WHAT YOU SHOULD DO:
Task for the listing below: copy it out in full, exactly.

INFORMATION SHOWN:
•••••

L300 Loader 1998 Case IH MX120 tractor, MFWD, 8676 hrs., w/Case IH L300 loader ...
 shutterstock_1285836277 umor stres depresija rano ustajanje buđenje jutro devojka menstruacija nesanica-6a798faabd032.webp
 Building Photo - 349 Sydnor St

•••••

ANSWER TO THIS TASK:
L300 Loader 1998 Case IH MX120 tractor, MFWD, 8676 hrs., w/Case IH L300 loader ...
 shutterstock_1285836277 umor stres depresija rano ustajanje buđenje jutro devojka menstruacija nesanica-6a798faabd032.webp
 Building Photo - 349 Sydnor St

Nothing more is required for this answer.